Congrats on yet another nice toy. Let's see... how many lathes does that make you your shop at the moment? I have lost count  

Nice score and I'll bet that one is going to work out realy well. Rikon's following is growing by the day and I would say that speaks well of a good reputation. Can't wait to see some pictuers of what you turn on it  

Enjoy your first day with it buddy.


----------



## BernieW (Sep 12, 2006)

Yes BJ I did get it for the $219.99. I just couldn't turn it down. 

Bob you can never have to many lathes.  I kinda like turning tools you can never have to many of those. The little Delta is going nephew as I think I told you. 

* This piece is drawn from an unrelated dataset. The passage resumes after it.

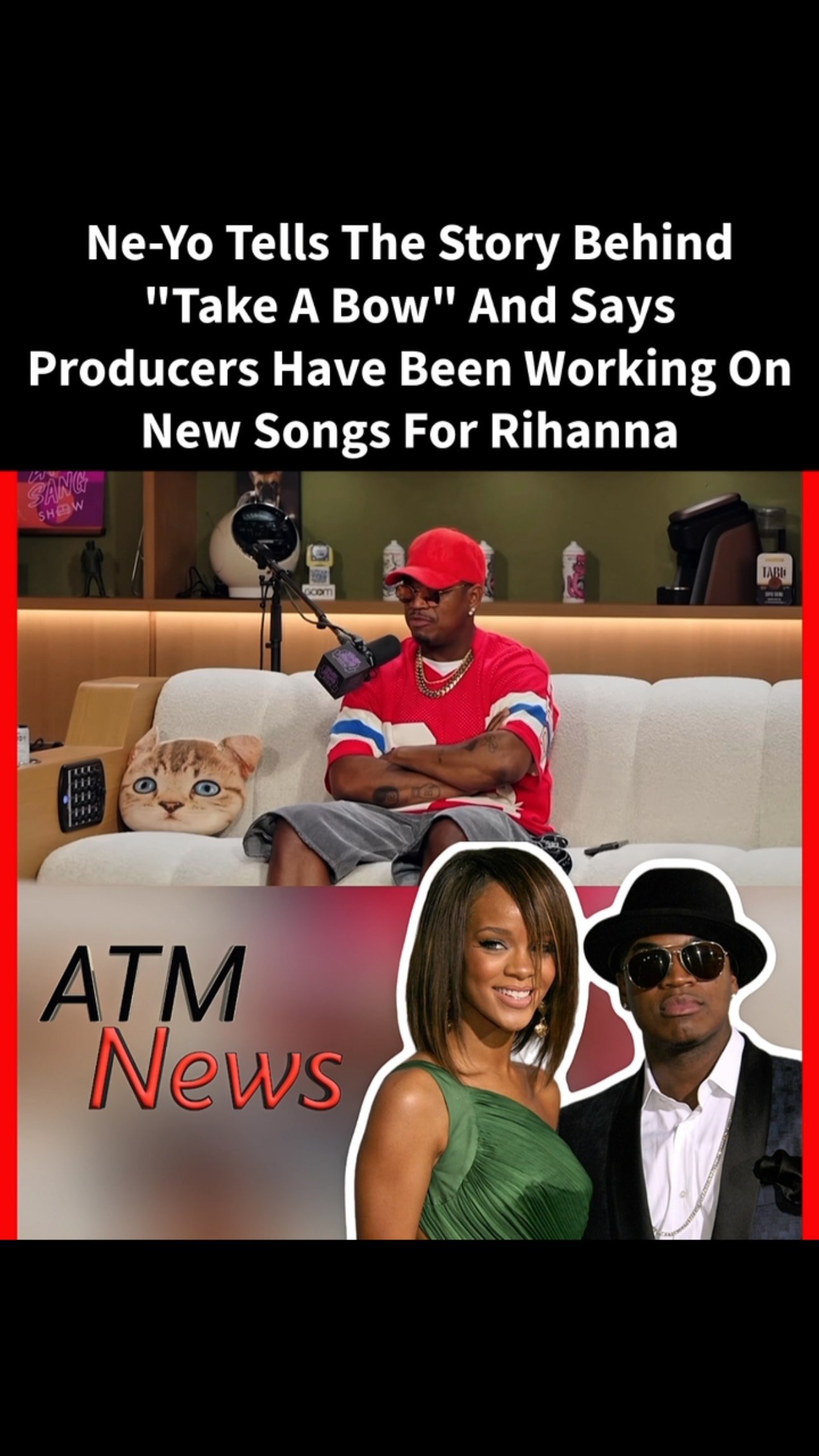 #NeYo revealed on the Zach Sang Show that "Take a Bow" by #Rihanna, which he wrote, was inspired by his #sister’s breakup story. He also shared that he has been in sessions with producers who said they were working on new Rihanna projects, but he is not sure whether she would return to #music.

Anyway it is mounted after beefing up the bench. Runs smooth, the drive points and tailstock points are dead on. So after I get some honey do's done I will get it dirty.


----------



## challagan (Feb 7, 2006)

Way to go Bernie! I am sure it will make a nice 2nd lathe for you! Or is that 3rd... or 4th.. I forget.  Just kidding Bernie!

Corey


----------



## BOB 2 (Jul 20, 2006)

BernieW said:


> Well got up early this morning. Drove 3 hrs. to Denver . Anyway can't wait to get it on the bench tomorrow and give it a workout.


Berinie:

That's a sweet looking piece.

I am sure you are going to have hours of fun with it.

Welcome to the dark side of woodworking.  

Bob


----------